Estimating Hydrocarbon Volumes for Oil & Gas Fields
Volumetric analysis in oil and gas is a method used to estimate the amount of recoverable hydrocarbons present in a reservoir. It involves integrating geological and engineering data to calculate the volume of oil or gas in place.
Purpose of Volumetric Calculations: The data collected is used to estimate the volume of subsurface rock that contains hydrocarbons, determine the weighted average of the effective porosity, obtain a water resistivity value and calculate water saturation, and estimate if the reservoir is economical. (SEG Wiki)
Below I discuss some of the basic steps involved in volumetric calculations:
Determine the Gross Rock Volume (GRV): This is the total volume of the reservoir rock including both the porous and non-porous components. It can be calculated based on geological and geophysical data, using structural maps and depth conversion of seismic data, and well logs.
Calculate the Net-to-Gross Ratio (NTG): This is the proportion of the gross rock volume that is made up of the reservoir rock. It is the ratio of net reservoir rock thickness to gross reservoir rock thickness. It is a measure of the proportion of porous rock within the total rock volume. It can be determined from core data, well logs, and seismic data.
Net Rock Volume (NRV): Net rock volume is the volume of porous rock, and it is calculated by multiplying the gross rock volume by the net to gross ratio.
NRV = GRV * NTG
Estimate Porosity: Porosity is the ratio of the void space (pore volume) in the rock to the total volume of the rock. It is obtained from well logs and core samples. Different rocks have different porosities, influencing their ability to store hydrocarbons.
Estimate Hydrocarbon Saturation: Hydrocarbon saturation represents the fraction of the pore space filled with hydrocarbons. It is determined through well logs, core analysis, and laboratory experiments. Speak with your Friendly Neighbourhood Reservoir Engineer.

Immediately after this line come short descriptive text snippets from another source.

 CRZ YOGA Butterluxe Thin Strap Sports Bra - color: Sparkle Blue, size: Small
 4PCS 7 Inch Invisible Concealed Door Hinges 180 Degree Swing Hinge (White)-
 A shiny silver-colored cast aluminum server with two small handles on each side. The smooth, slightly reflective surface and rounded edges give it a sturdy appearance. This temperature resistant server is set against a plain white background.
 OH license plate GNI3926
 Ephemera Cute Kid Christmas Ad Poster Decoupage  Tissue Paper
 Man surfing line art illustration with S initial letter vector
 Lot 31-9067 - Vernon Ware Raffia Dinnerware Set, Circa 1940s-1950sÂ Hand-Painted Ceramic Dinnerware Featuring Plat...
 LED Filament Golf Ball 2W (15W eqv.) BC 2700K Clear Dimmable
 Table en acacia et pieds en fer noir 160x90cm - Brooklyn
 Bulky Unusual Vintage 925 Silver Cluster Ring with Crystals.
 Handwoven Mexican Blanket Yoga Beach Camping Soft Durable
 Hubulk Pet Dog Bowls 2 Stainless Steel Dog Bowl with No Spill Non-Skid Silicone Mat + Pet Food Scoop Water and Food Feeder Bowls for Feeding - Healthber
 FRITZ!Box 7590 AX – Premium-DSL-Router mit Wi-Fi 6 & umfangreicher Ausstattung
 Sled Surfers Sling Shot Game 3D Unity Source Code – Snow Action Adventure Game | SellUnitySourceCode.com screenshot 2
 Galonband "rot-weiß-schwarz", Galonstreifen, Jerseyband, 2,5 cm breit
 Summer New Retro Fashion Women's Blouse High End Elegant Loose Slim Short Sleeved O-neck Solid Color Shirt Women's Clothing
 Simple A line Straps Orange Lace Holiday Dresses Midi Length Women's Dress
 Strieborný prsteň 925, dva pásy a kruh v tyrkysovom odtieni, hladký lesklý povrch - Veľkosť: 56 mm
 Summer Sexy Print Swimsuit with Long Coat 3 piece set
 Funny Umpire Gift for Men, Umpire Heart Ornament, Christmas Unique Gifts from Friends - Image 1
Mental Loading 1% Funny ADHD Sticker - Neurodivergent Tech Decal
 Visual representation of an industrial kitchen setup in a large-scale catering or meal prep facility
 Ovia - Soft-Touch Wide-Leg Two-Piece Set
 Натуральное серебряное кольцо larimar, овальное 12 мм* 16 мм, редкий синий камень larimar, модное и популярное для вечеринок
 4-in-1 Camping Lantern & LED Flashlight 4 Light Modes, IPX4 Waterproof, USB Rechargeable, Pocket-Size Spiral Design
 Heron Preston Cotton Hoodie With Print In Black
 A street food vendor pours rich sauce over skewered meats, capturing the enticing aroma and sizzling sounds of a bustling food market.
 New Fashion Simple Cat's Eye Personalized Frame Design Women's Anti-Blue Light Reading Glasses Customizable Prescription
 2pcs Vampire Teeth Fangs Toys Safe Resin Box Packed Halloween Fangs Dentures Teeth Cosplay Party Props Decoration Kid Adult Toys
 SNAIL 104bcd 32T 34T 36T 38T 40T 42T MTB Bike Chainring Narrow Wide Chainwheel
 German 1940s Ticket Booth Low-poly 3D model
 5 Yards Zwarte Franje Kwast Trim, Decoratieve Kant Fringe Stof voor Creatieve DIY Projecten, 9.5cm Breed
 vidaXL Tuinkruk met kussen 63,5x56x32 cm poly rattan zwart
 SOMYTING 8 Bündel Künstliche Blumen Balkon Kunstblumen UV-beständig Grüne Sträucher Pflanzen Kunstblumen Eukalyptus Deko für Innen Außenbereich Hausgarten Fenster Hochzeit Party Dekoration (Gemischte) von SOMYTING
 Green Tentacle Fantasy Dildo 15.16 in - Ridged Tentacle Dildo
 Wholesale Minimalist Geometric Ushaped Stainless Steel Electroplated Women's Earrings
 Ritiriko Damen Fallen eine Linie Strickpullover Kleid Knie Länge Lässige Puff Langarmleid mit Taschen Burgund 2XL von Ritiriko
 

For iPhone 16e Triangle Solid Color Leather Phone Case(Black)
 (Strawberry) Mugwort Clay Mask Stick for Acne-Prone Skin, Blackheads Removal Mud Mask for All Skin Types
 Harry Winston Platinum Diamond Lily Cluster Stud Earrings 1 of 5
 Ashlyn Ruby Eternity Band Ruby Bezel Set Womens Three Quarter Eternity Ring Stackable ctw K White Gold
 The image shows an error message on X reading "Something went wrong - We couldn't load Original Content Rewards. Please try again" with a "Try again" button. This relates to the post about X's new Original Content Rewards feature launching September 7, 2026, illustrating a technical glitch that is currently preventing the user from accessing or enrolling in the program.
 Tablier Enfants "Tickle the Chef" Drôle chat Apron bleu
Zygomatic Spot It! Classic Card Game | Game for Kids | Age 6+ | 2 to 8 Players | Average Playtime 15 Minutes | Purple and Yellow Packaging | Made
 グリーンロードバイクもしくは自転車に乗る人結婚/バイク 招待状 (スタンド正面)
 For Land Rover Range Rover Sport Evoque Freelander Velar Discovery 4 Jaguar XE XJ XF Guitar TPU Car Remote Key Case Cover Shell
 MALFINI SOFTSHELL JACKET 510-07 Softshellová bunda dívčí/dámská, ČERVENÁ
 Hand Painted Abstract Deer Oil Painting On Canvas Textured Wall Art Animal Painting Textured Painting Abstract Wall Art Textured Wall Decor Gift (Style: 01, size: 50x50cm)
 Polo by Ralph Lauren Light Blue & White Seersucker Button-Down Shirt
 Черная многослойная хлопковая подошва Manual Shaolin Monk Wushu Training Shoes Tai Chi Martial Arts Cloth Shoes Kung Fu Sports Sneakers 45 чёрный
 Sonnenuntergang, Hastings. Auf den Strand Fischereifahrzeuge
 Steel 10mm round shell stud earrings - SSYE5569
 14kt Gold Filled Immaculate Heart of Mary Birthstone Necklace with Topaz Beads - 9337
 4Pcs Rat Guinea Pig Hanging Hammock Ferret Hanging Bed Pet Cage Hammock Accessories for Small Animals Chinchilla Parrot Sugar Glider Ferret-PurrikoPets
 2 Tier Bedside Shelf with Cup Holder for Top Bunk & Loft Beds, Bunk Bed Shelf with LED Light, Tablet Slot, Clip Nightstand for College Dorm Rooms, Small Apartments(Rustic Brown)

Apply the Formation Volume Factor (FVF - Bo for oil, Bg for gas): Volumetric factors are used to convert the volume of hydrocarbons at reservoir conditions to standard conditions (usually at surface conditions). These factors correct for the differences in pressure and temperature. The formation volume factor is the ratio of the volume of hydrocarbons at reservoir conditions to the volume at surface conditions. It accounts for the expansion of hydrocarbons as they move from reservoir to surface. It is obtained through laboratory experiments and reservoir simulation. It can be determined from reservoir fluid samples. Again speak with your Friendly Neighbourhood Reservoir Engineer, for typical values for the Formation Volume Factor and Bo and Bg for your area. https://www.e-education.psu.edu/png520/m18_p7.html
Recovery Factor (RF): The recovery factor is the ratio of recoverable reserves to the initial hydrocarbon in place. It is influenced by reservoir properties, fluid properties, and production techniques. Recovery factor can be estimated based on historical data, reservoir simulation, and engineering analysis.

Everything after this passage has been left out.